A Summer of Nostalgia


It all started with camp. Camp NaNoWriMo, that is.


How could I direct a camp-themed event without traveling down that gravel road back to the camp of my childhood? Camp Celo, a farm camp nestled in the Appalachian Mountains, and my summer home for five years in a row.


After reminiscing about the meatless Rum Tum Diddy and the counselors serenading us campers to sleep as they wandered among the tents with guitars and lanterns in hand, my memory dog-legged on to all other camps I'd ever been to.


There was the adventurous-sounding but ill-advised Zoo Camp that was nothing more than kids sitting in a carpeted room at the Atlanta Zoo with juice boxes and string cheese, watching videos about the rainforest and the Mesozoic era.


Or Sports Camp, where I humiliated myself time and again, irrespective of the activity. Rope climbing, track, tennis, even ring toss, for pete's sake. Failures all.
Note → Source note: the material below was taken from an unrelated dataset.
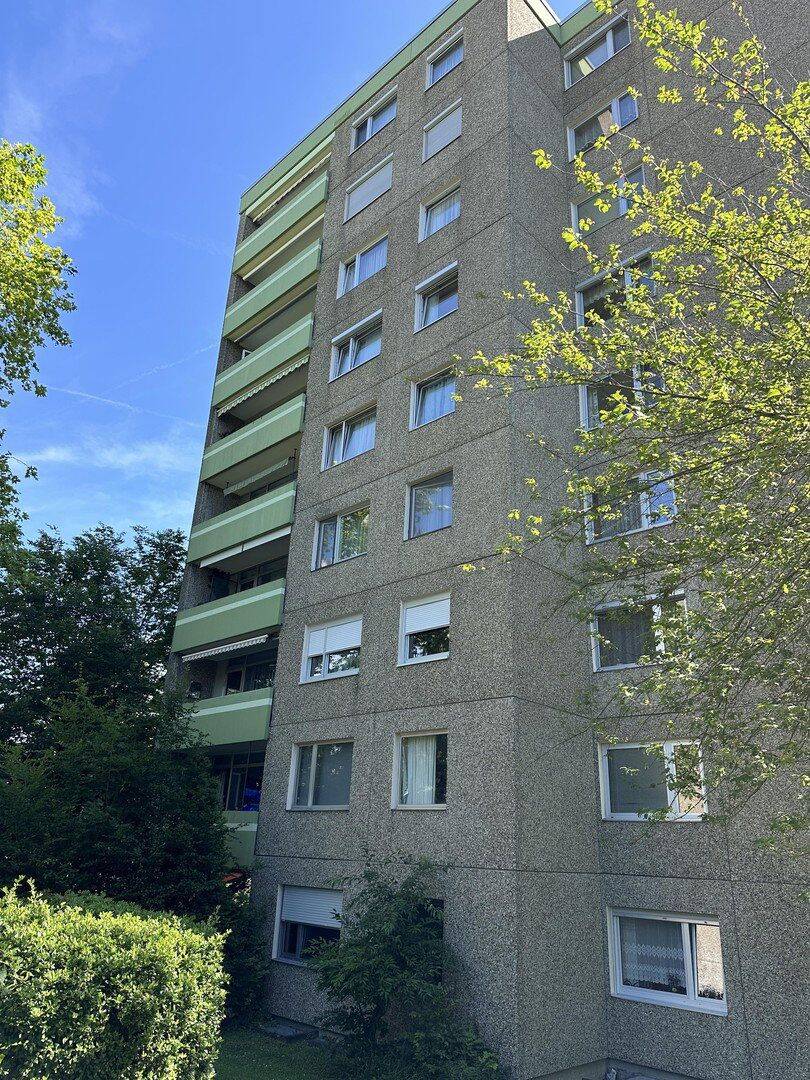 GemĂĽtliche Wohnung (3 ZKBB) im Stadtteil Ko-Karthause inkl. EinbaukĂĽche, Balkon und Tiefgarage, 56075 Koblenz (Karthause Mitte Oberwerth Stolzenfels SĂĽd)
And the weird, hormonally charged "outdoor adventure" camp in Pennsylvania that was meant to be the Celo replacement when I got too old to return. Instead, it was my initiation into in-crowds and out-crowds. (I was in the latter.)


But then the blog—this blog!—compounded it all, chipping away the walls of my tunnel vision toward camp and expanding my yearning for ever more nuanced and remote realms of my past.


There was my own blog post about my family's cabin in North Georgia, where berry picking and fishing filled my days, and bull frogs provided the nightly soundtrack.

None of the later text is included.